Everyone has heard of the Amalfi Coast – Italy’s mountainous World Heritage littoral which grandstands its way south of the Sorrento Peninsula.
The great finger of the peninsula is dramatic enough, terminating, as it does, the massive, blue, Vesuvius-dominated, sweep south of the Bay of Naples. But around the corner – around the massive limestone crags where the Sirens used to lure their sailor prey – you come to the vertiginous littoral that has been attracting mankind for millennia.
People have been clinging to these maritime cliffs and gorges for thousands of years, and a rather enviable time they have had of it compared to the historic existence led by many civilisations. There is plenty of fertility in the tiny pockets which have collected the fertile volcanic soils, and lemons, grapes, tomatoes and aubergines seem to almost leap out of the sun-warmed canyons and defiles.

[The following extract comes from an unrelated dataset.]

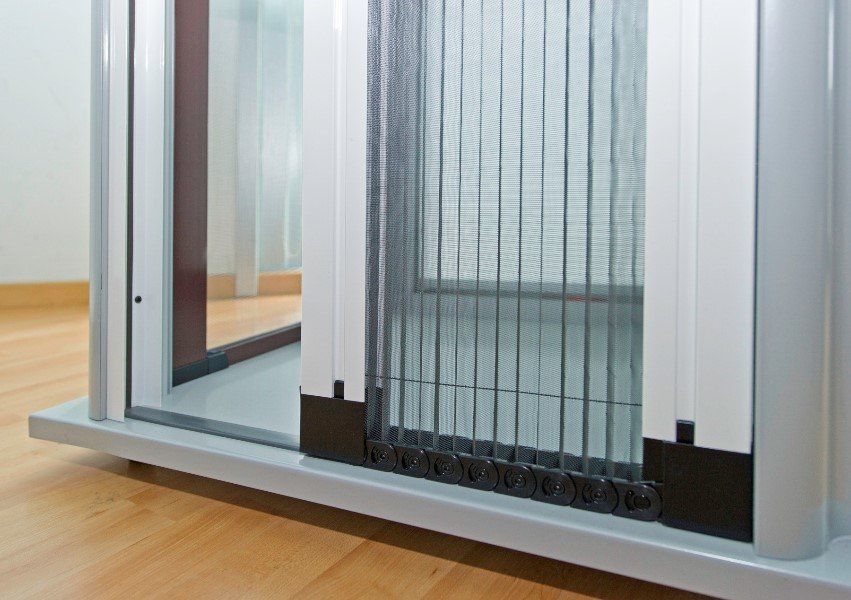 zanzariera per porta scorrevole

Linking these pockets of land, and the villages and hamlets that go with them, are ancient packhorse trails which weave their way up from seaside to mountain-top – often in a seemingly impossible and overly optimistic series of switchbacks and clever tucks and turns.
Somehow these old pathways – laid by the Romans in many cases – pull off the impossible and get you either to the top of the crags, or to some coastal resort far below.
They are public rights-of-way that most visitors never see. The tourist buses twist and turn along the famous single road that links the towns of Positano, Amalfi and Salerno, and most passengers concentrate on the aquamarine views below rather than looking upwards into the mountains. If they do, then the likelihood will be that they won’t imagine that paths wend their up into the mountain tops, or that hiking along them can be a hugely enjoyable thing to do.
For those enjoying this holiday, however, these paths become a wondrous reality. The tour embraces both the world of the high footpaths and the more crowded but jolly visitor zone below. In other words, a vacation that gives you plenty of chances to ride on buses and do a bit of vertical sightseeing with all the other tourists – and also explore the extraordinary landscape in more depth by striding out along some of the paths.
Taken as an entire weeklong experience, this allows you to enjoy one of the world’s most beautiful holiday hotspots in a way that affords a much more satisfying, more interesting holiday than being a mere follower on the well-travelled tourist trail. You begin to understand how life on the vertical works, how it has flourished down through the ages, and how local farmers and fishermen have adapted to the modern world.
Oh, and you are treated to much, much, better views than the ones you can enjoy from the overcrowded lay-bys where the luxury coaches stop for ten minutes.